» Your goal: Beginning with the line that holds "Instant Smile Comfort" and ending with the last line, please repeat the entries exactly and omit the pictures.

Extracted data START

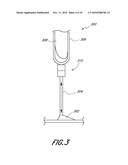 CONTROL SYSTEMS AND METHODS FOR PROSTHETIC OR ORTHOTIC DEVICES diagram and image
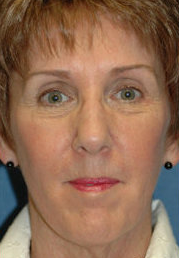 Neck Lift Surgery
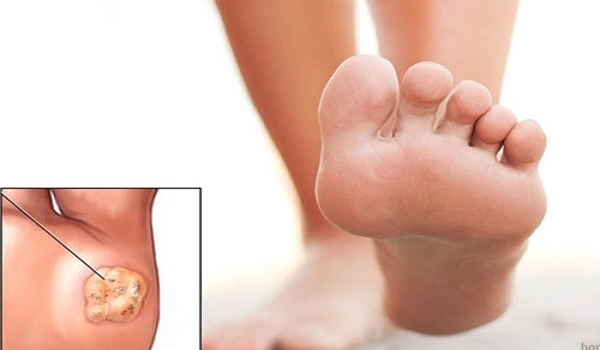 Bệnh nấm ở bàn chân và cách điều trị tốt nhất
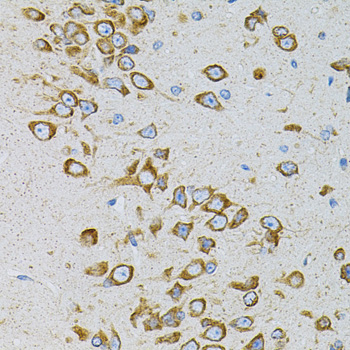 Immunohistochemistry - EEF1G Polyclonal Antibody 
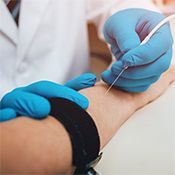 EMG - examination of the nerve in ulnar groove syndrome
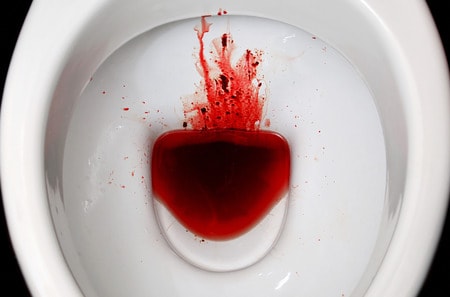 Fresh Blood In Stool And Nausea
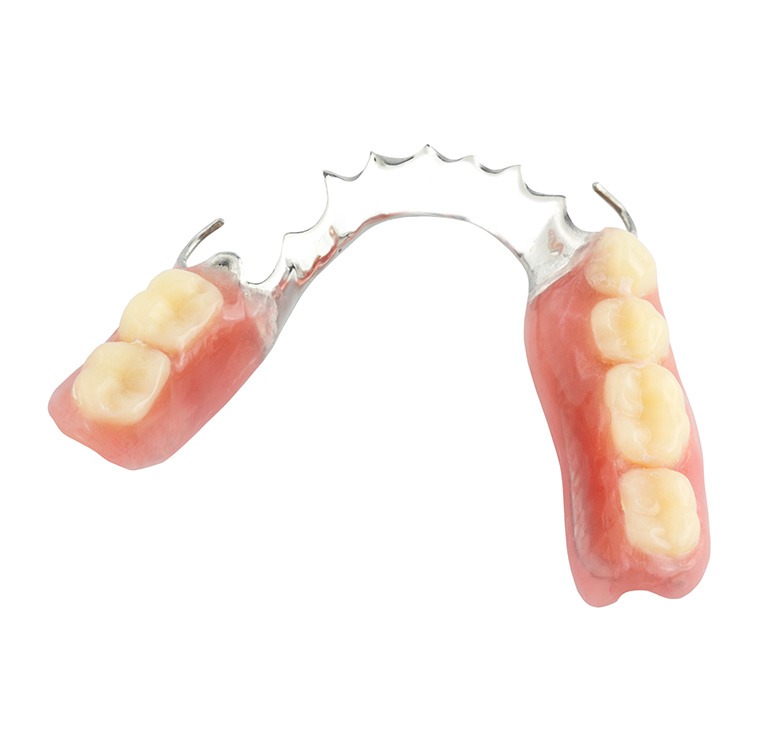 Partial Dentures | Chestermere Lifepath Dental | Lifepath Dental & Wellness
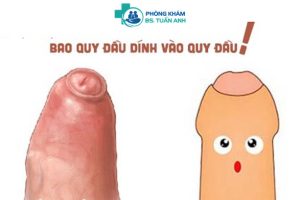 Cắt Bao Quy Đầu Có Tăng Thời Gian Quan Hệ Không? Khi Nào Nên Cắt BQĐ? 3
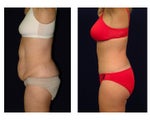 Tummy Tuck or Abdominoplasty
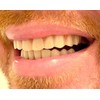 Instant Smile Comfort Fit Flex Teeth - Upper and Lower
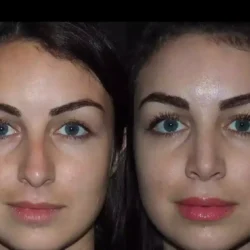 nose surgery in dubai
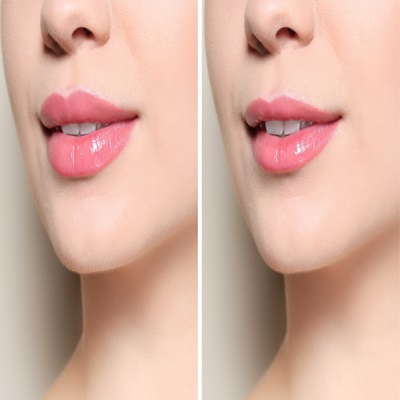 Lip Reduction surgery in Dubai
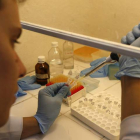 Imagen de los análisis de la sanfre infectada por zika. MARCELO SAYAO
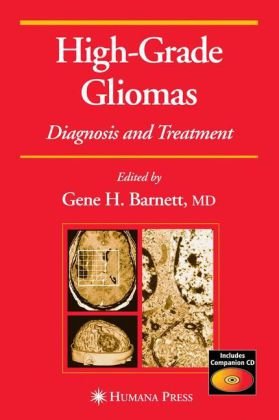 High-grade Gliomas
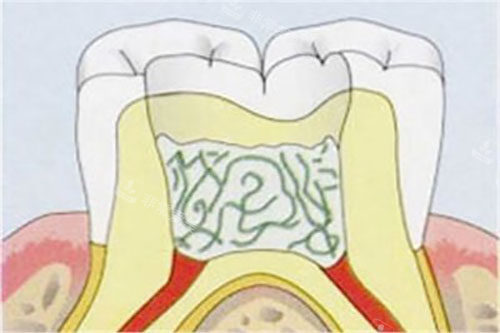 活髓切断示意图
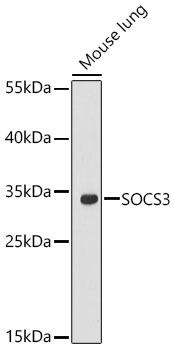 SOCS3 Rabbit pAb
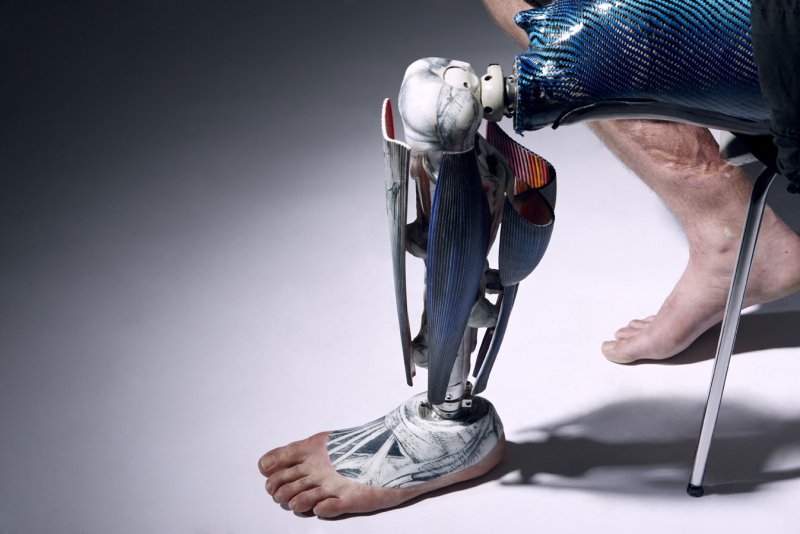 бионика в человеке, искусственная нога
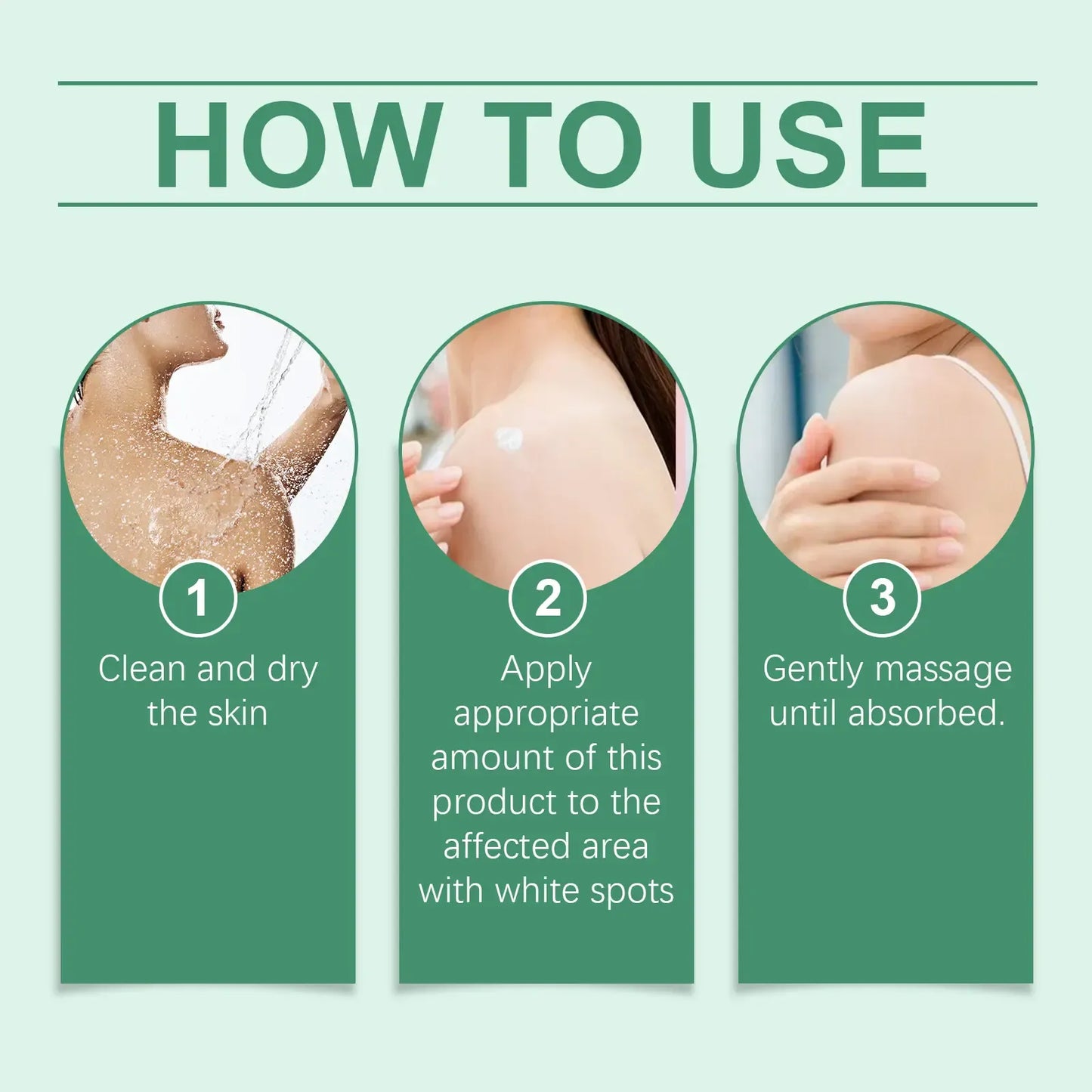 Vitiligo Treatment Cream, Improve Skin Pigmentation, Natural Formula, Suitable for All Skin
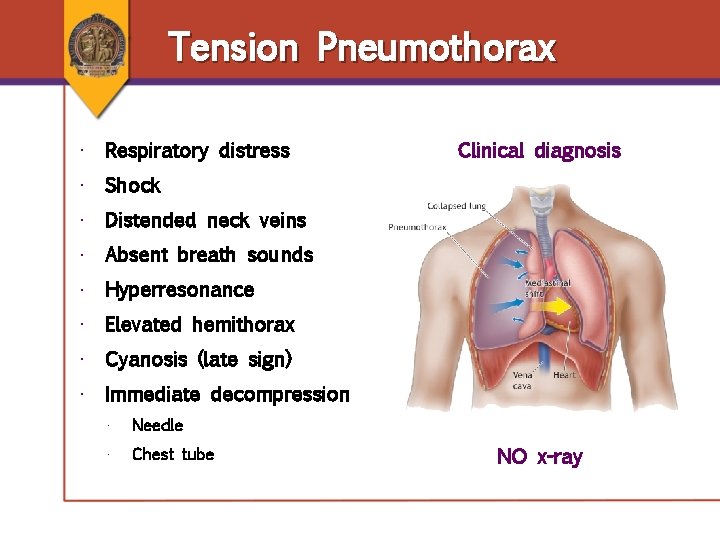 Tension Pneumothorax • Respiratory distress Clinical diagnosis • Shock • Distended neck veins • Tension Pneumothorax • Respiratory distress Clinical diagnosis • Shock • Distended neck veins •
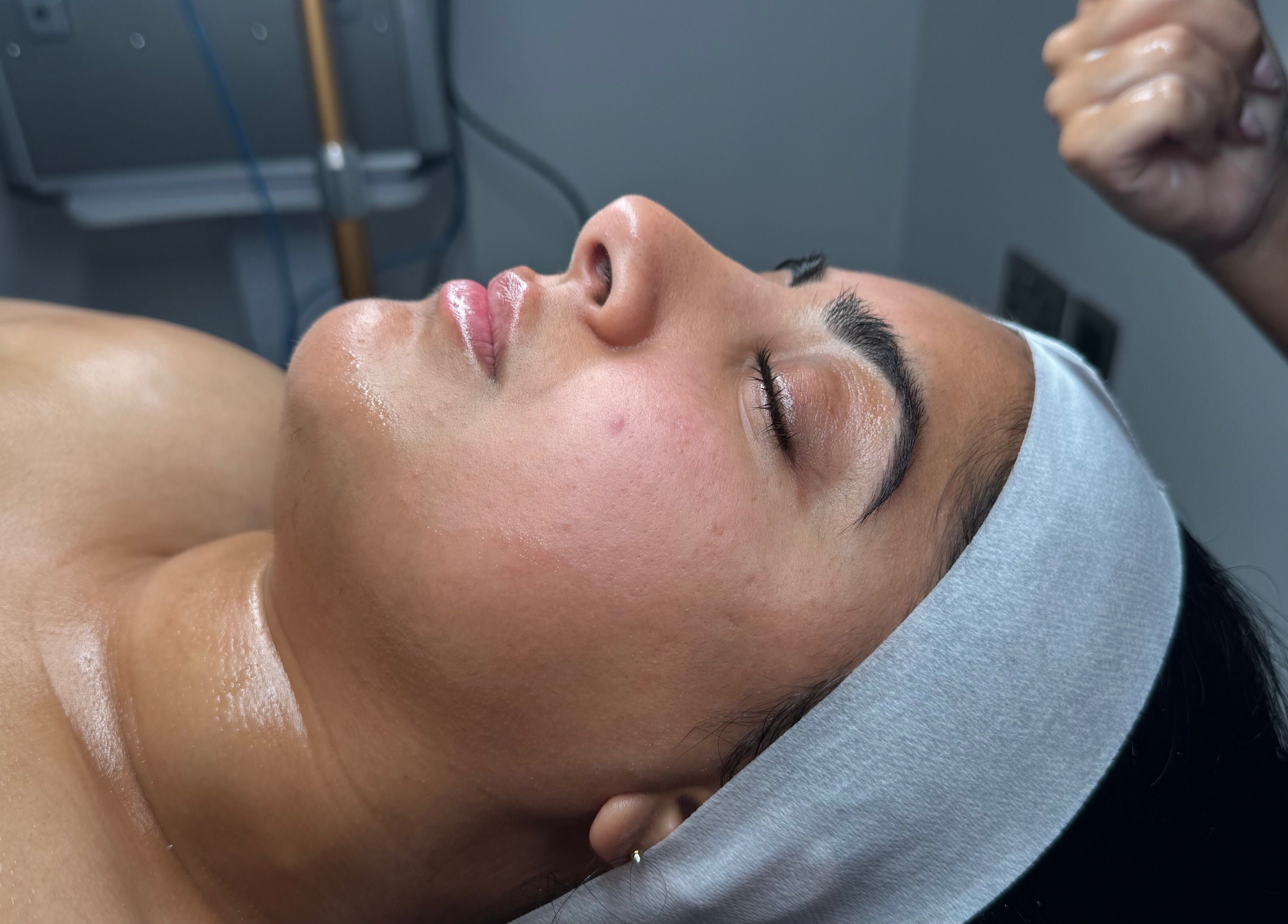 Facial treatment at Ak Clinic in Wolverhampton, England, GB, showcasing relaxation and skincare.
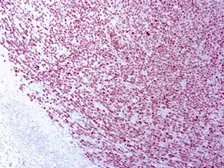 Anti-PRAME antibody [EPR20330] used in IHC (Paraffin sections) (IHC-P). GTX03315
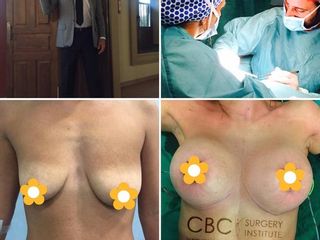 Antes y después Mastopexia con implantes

Extracted data END

» Response to the task:
 Instant Smile Comfort Fit Flex Teeth - Upper and Lower
 nose surgery in dubai
 Lip Reduction surgery in Dubai
 Imagen de los análisis de la sanfre infectada por zika. MARCELO SAYAO
 High-grade Gliomas
 活髓切断示意图
 SOCS3 Rabbit pAb
 бионика в человеке, искусственная нога
 Vitiligo Treatment Cream, Improve Skin Pigmentation, Natural Formula, Suitable for All Skin
 Tension Pneumothorax • Respiratory distress Clinical diagnosis • Shock • Distended neck veins • Tension Pneumothorax • Respiratory distress Clinical diagnosis • Shock • Distended neck veins •
 Facial treatment at Ak Clinic in Wolverhampton, England, GB, showcasing relaxation and skincare.
 Anti-PRAME antibody [EPR20330] used in IHC (Paraffin sections) (IHC-P). GTX03315
 Antes y después Mastopexia con implantes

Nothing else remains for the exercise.